Too often EU red tape holds us back, with some of the most innovative biotechnology companies leaving Europe because they are unable to commercialise their innovations. That’s why I’m leading a programme for reform of EU bioscience regulation, warning the EU Commission that, unless Brussels embraces radical reform, over-regulation risks condemning Europe to a new dark age of anti-science and to miss the dawn of a new age of global biotechnology.

That risk should mean that most life science companies and entrepreneurs favour Out, right? Wrong. Scientific research depends on collaboration, and the network of European Governments, Universities and companies investing in 21st-century science and innovation means we are part of an EU science superpower. The vast majority of our scientists and companies want to be inside a more pro-science and more innovative EU.

But in the end it all comes back to the terms of any #EU:InOrOut? decision. For the Out campaign there is all the difference in the world between being cut-off from the largest single market in the world; having to painstakingly try and negotiate trade deals with every country individually. Or negotiating our way to a privileged ‘near neighbour’ trading status, where we still have access to the single market yet are freed up to create our own rules and regulations with regards to the innovative and enterprising new technologies Britain excels in. Similarly for the ‘In’ case: would we be in with added or diminished influence once the Referendum is past?

Only the two extremes in this debate are clear: Britain can neither afford to be stuck at the back of the queue in a largely unreformed EU, nor can we afford to be cast into the wilderness and restricted access to the largest single market in the world.

If we are to be the entrepreneurial Innovation Economy prospering in the 21st-century that we need to be, we need to be able to commercialise our most innovative ideas, continuing to enjoy the benefits of trade with Europe while being able to export our technologies and knowledge to the fastest growing global markets.

Politicians and businesses across the party divide can agree on this vision. The question now is how that vision can best be delivered?

We need a debate which gets beyond the false negatives of the risks of simple In vs Out, and instead recognises that the terms on which they can realistically be negotiated is just as important. Both domestically and globally.

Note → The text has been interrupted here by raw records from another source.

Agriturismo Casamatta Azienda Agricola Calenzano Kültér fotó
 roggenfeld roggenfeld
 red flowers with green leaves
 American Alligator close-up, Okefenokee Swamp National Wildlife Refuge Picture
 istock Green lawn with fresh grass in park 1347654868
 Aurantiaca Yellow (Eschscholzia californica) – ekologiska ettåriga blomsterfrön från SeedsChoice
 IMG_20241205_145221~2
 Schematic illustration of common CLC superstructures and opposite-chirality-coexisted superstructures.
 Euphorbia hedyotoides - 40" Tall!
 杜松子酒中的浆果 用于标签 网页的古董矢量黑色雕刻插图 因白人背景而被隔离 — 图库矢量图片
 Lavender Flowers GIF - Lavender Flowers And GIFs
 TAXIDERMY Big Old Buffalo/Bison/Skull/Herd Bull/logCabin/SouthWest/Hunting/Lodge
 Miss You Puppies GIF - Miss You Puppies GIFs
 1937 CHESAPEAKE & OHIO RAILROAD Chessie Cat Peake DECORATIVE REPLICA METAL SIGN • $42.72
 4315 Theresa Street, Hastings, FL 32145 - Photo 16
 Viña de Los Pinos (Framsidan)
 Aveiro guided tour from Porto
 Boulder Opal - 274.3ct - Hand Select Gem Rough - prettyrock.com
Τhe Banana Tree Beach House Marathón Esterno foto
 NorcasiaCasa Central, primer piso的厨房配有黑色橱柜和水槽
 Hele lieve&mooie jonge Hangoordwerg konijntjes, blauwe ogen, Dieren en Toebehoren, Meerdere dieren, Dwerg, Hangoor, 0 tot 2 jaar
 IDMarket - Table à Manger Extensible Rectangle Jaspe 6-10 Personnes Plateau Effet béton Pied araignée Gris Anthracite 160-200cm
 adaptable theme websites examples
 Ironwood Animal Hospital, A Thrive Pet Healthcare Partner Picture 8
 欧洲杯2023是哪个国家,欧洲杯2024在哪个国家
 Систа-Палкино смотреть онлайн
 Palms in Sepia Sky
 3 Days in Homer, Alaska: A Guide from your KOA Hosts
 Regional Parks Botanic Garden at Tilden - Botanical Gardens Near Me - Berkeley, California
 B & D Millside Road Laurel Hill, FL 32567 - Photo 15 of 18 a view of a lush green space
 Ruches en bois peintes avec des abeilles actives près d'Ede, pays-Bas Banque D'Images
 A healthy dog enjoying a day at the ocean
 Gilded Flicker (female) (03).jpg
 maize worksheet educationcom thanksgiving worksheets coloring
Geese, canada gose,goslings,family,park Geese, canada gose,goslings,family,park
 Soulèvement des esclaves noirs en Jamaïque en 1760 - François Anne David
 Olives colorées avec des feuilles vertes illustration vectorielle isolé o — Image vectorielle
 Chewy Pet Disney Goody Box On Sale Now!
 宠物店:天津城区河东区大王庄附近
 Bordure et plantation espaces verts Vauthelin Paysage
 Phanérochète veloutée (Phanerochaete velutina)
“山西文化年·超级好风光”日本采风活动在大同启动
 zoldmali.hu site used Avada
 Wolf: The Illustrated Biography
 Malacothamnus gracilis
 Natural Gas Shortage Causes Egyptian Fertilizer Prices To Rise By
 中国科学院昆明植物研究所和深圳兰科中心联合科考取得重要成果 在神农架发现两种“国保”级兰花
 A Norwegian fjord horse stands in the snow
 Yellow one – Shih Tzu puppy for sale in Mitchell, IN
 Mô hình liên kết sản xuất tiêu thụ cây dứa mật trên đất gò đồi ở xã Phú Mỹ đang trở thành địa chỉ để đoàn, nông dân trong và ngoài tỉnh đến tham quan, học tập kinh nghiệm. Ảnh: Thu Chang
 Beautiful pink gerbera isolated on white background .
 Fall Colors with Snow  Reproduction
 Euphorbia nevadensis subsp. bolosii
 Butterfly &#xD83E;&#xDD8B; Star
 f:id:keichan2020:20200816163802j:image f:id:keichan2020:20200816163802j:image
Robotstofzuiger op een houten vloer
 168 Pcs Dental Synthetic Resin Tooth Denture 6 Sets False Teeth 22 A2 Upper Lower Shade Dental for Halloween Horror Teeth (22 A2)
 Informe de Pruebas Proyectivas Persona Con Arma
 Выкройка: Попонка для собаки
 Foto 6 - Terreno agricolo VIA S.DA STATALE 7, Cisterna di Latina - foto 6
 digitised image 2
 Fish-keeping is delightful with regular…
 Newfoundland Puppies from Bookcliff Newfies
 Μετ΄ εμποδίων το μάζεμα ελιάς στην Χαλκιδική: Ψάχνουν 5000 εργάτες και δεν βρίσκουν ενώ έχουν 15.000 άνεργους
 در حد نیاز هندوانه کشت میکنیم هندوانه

We don’t operate in isolation. Everything must be negotiated in the end. Neither a vote for In or Out will wave a magic wand and make the world an easier place overnight. There are no shortcuts on the long road to becoming a more innovative, entrepreneurial and global trading nation again. If only.

Either way we will need to work with our EU neighbours and global partners to negotiate deals based on compromises. We mislead ourselves and the people we serve if we allow the EU debate to suggest there are any easy shortcuts to global influence.